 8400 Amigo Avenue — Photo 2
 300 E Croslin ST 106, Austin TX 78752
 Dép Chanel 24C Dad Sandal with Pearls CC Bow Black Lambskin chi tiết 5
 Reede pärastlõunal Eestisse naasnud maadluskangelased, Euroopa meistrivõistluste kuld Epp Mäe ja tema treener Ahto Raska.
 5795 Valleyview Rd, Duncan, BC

_Required work_:
Having read the entries above, repeat them exactly.

_Solution to the problem_:
 8400 Amigo Avenue — Photo 2
 300 E Croslin ST 106, Austin TX 78752
 Dép Chanel 24C Dad Sandal with Pearls CC Bow Black Lambskin chi tiết 5
 Reede pärastlõunal Eestisse naasnud maadluskangelased, Euroopa meistrivõistluste kuld Epp Mäe ja tema treener Ahto Raska.
 5795 Valleyview Rd, Duncan, BC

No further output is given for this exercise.